== What to work on ==
Exact wording is needed for every line from the one holding "TP-Link 8-Port Gigabit PoE Switch - 3" to the end of the records below; write those lines out and omit the pictures.
### Provided records ###
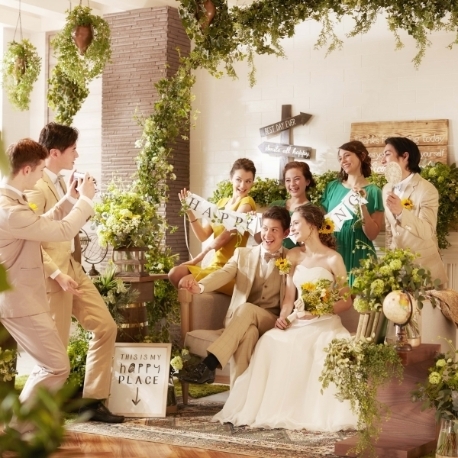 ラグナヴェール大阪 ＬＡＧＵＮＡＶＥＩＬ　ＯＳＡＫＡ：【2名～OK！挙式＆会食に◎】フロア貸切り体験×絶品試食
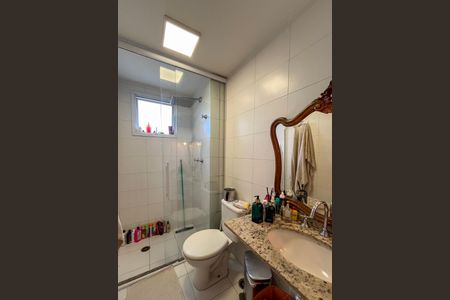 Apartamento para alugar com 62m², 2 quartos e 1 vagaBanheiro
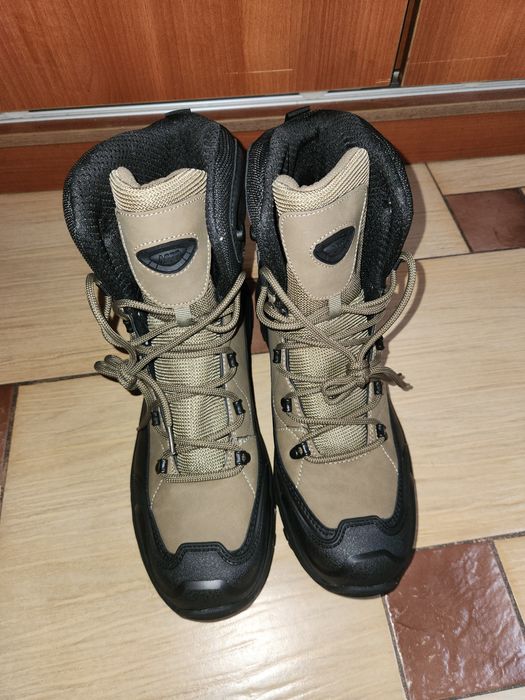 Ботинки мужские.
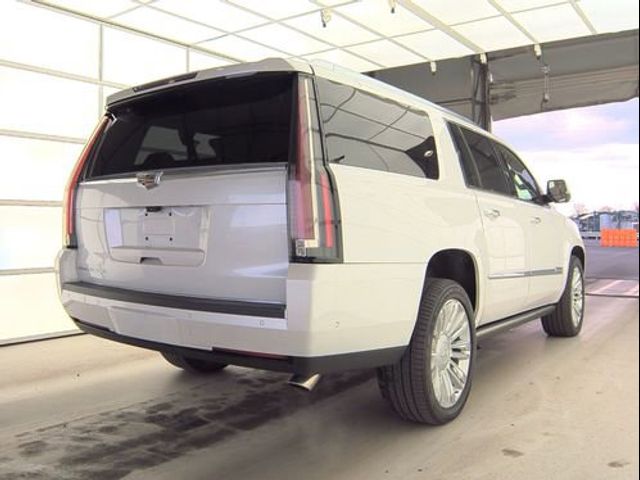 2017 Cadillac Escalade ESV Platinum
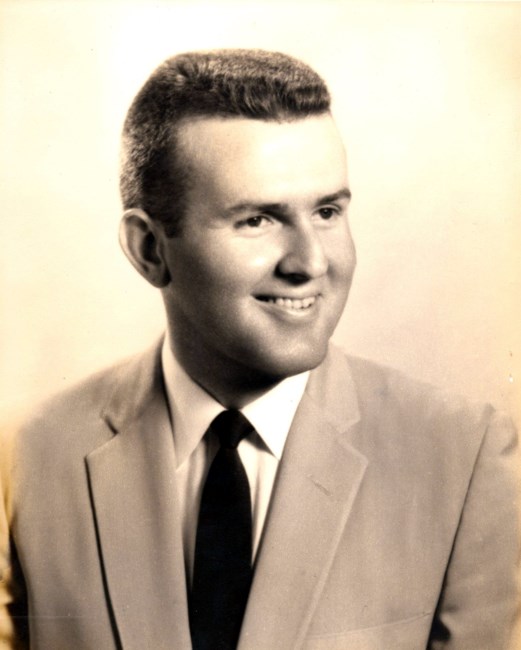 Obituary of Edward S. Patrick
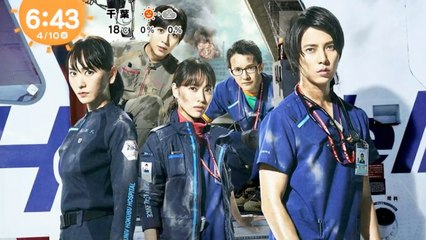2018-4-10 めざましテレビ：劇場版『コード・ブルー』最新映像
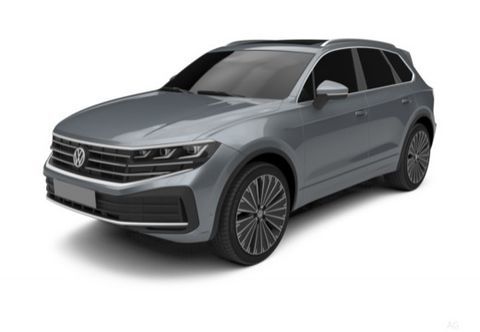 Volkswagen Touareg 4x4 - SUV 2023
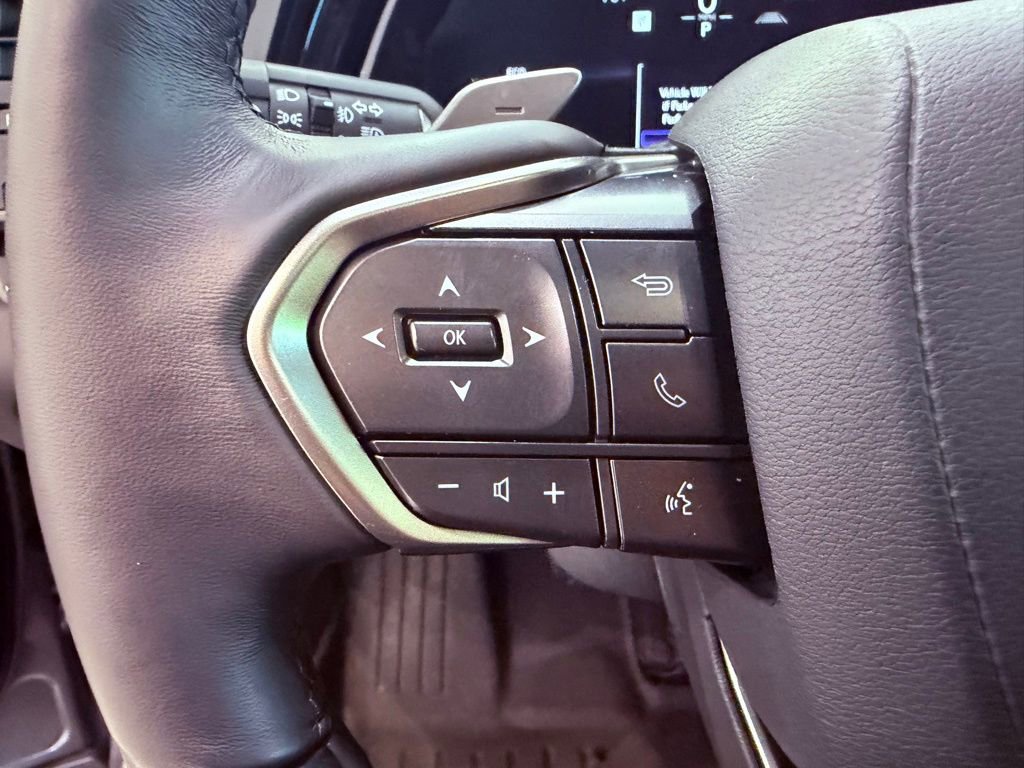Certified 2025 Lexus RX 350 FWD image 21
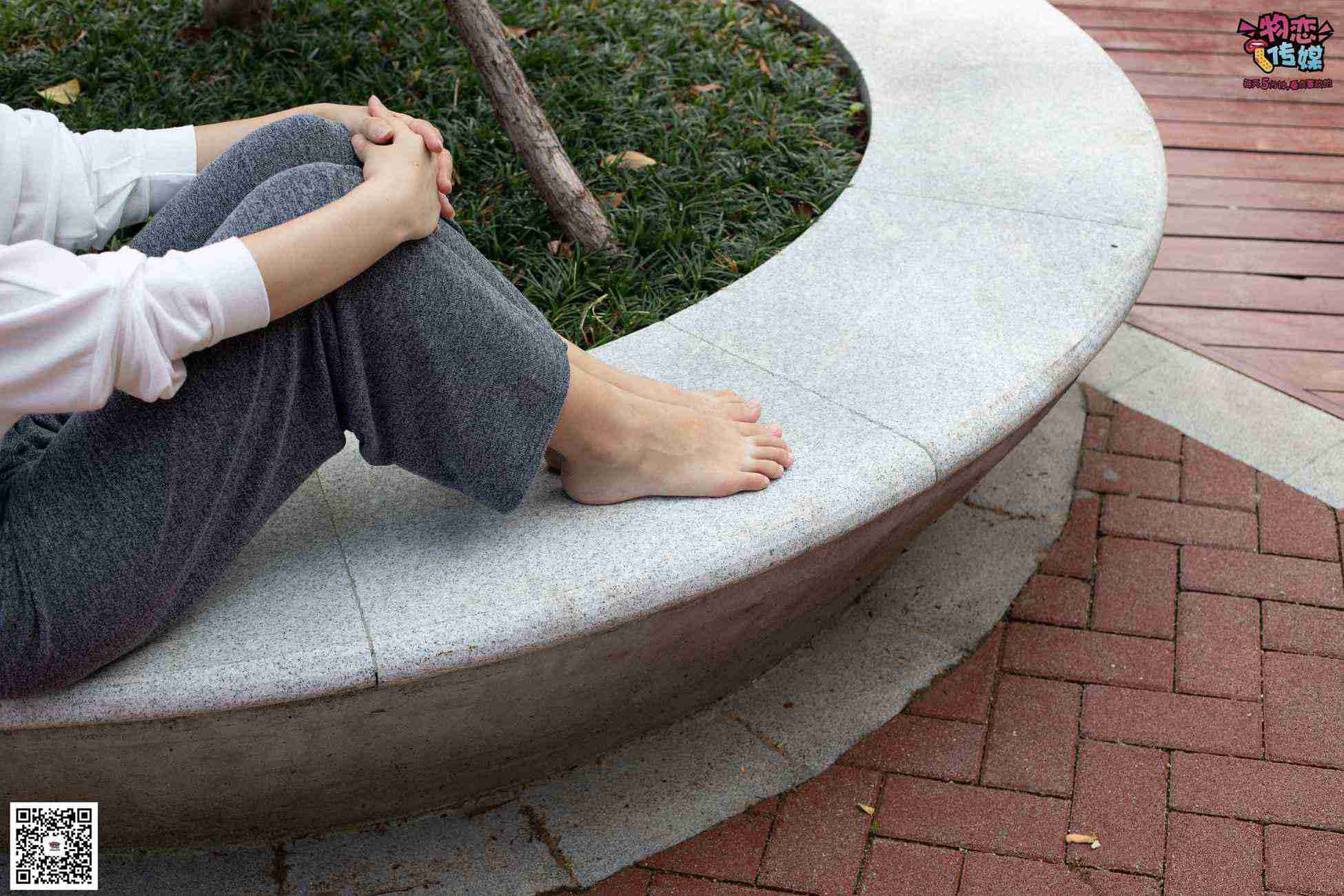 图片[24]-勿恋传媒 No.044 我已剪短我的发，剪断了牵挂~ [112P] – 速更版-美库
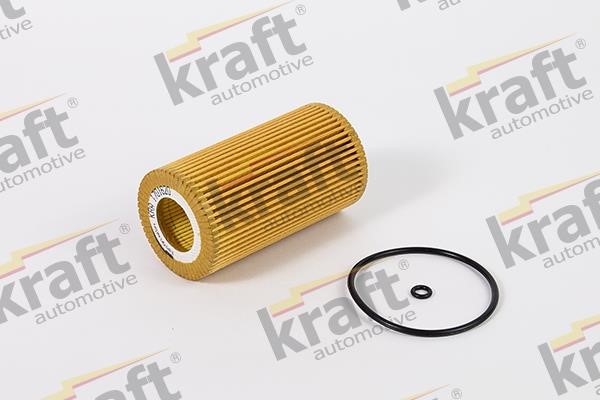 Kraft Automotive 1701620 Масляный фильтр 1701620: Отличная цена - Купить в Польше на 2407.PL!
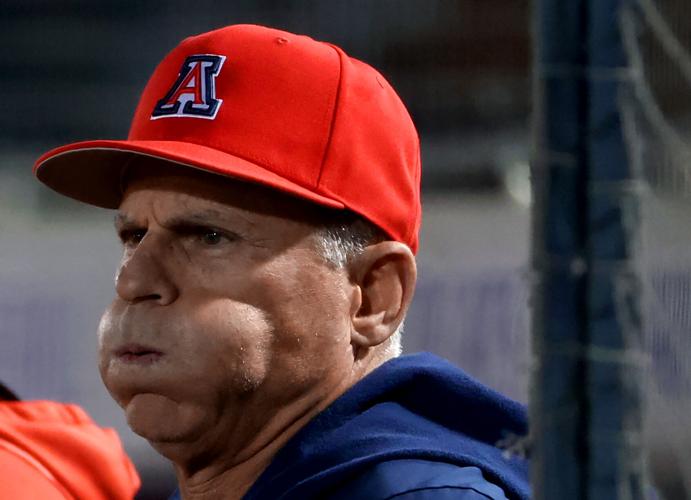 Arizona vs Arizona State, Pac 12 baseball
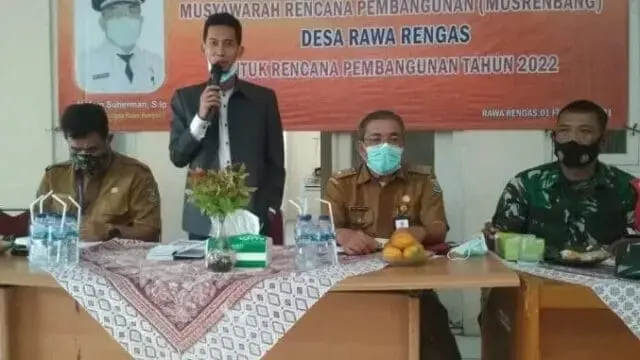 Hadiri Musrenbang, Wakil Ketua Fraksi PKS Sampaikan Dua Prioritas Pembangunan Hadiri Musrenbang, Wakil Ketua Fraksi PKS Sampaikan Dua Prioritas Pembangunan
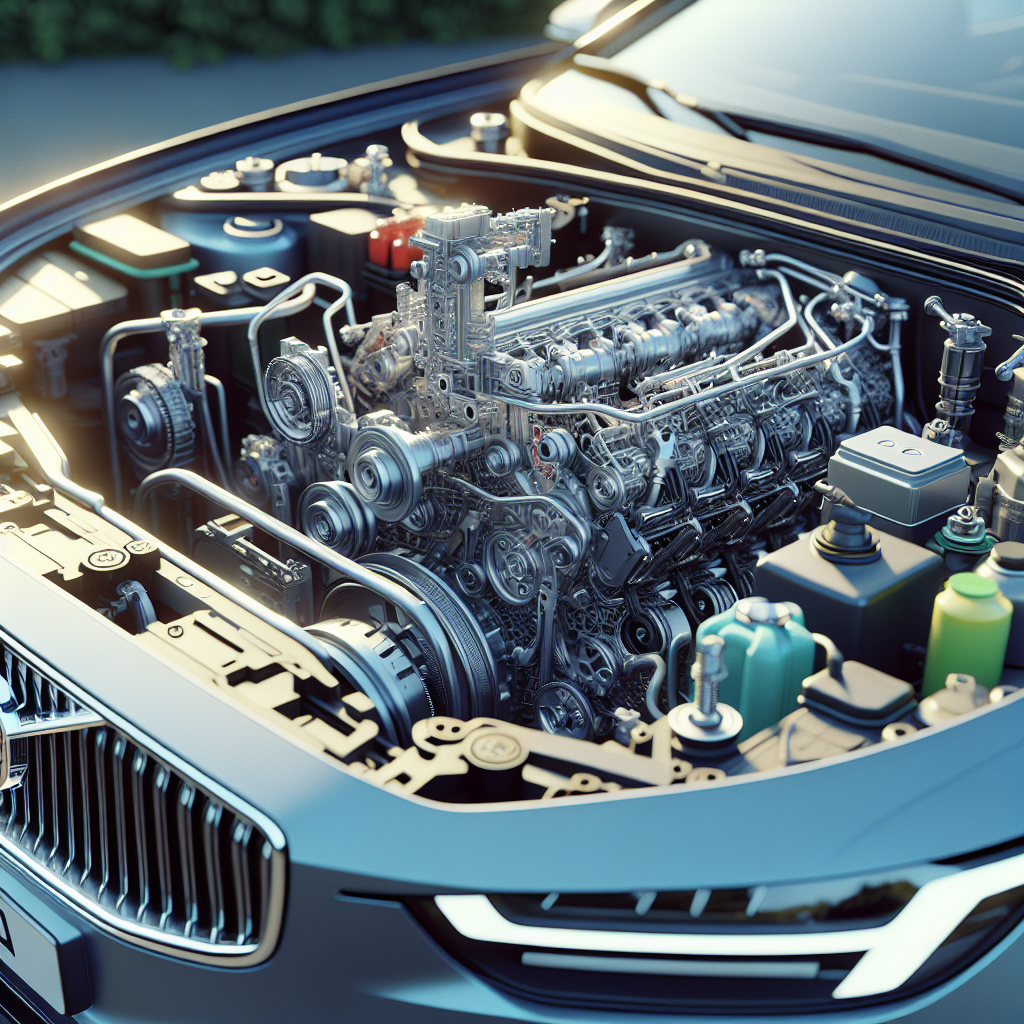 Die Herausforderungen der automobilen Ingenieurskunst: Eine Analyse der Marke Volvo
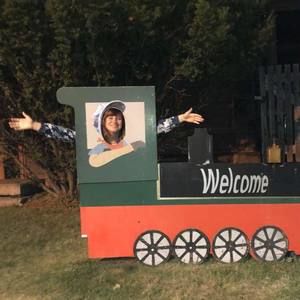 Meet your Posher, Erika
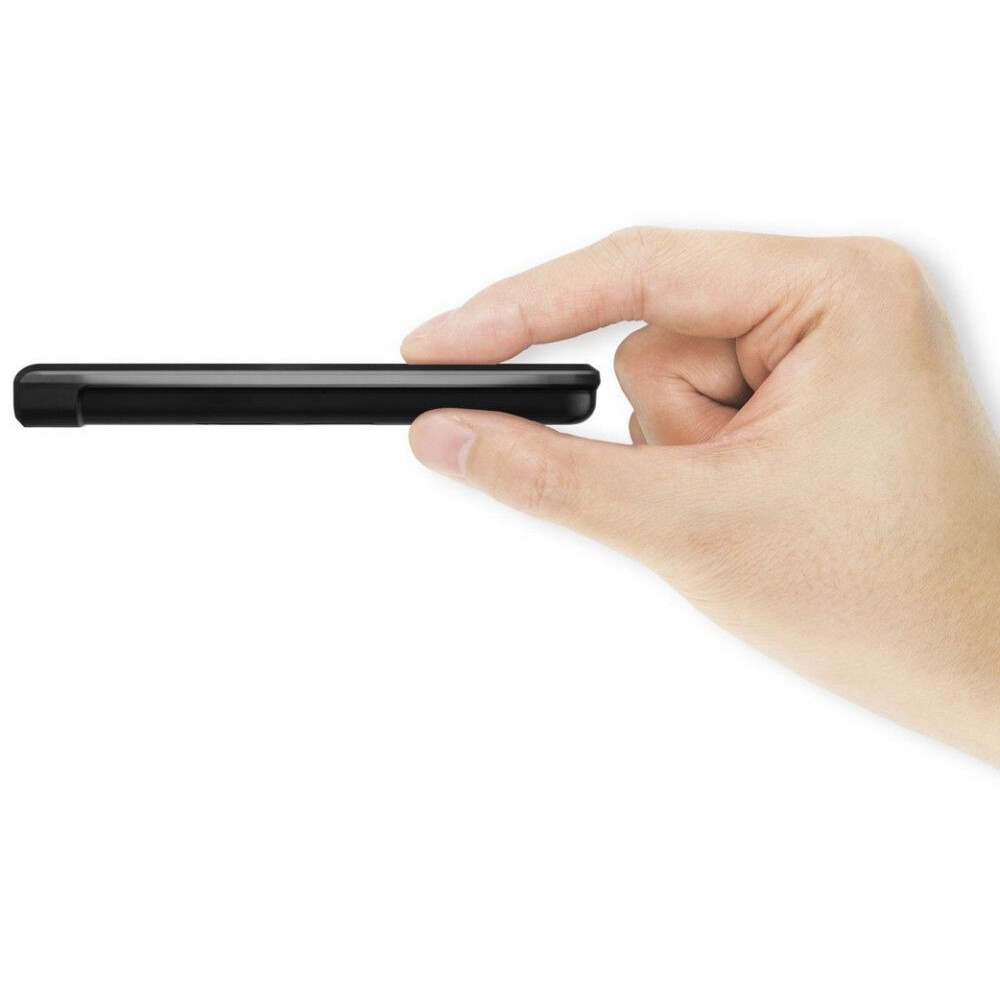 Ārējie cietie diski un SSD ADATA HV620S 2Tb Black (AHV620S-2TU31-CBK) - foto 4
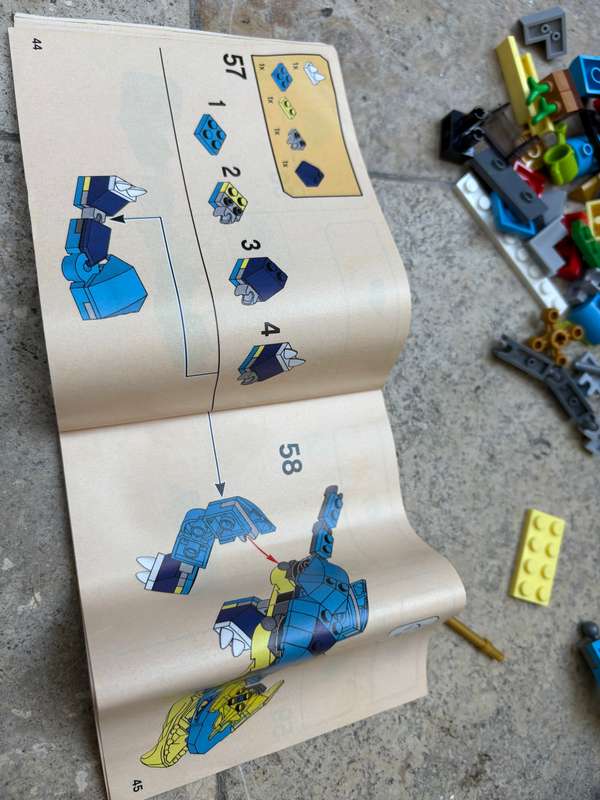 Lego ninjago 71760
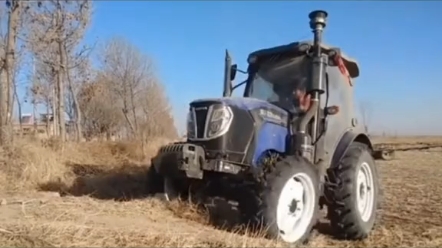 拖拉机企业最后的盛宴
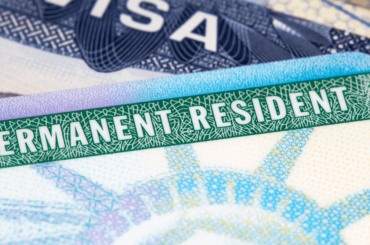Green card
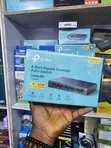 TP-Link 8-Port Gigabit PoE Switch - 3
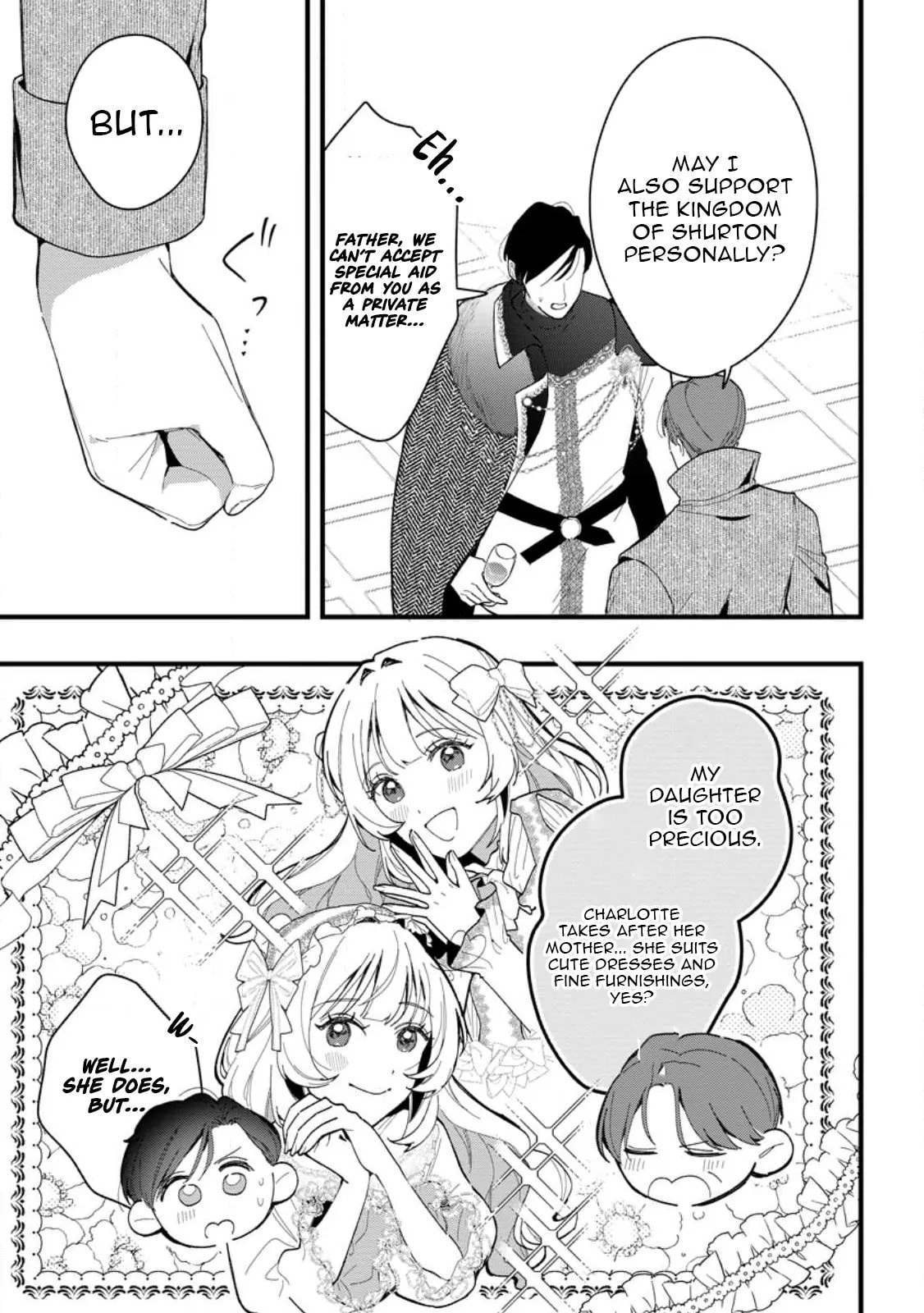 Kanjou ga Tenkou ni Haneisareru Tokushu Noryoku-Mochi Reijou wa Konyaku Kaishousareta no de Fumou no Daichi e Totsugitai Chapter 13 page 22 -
###
== Result below ==
 TP-Link 8-Port Gigabit PoE Switch - 3
 Kanjou ga Tenkou ni Haneisareru Tokushu Noryoku-Mochi Reijou wa Konyaku Kaishousareta no de Fumou no Daichi e Totsugitai Chapter 13 page 22 -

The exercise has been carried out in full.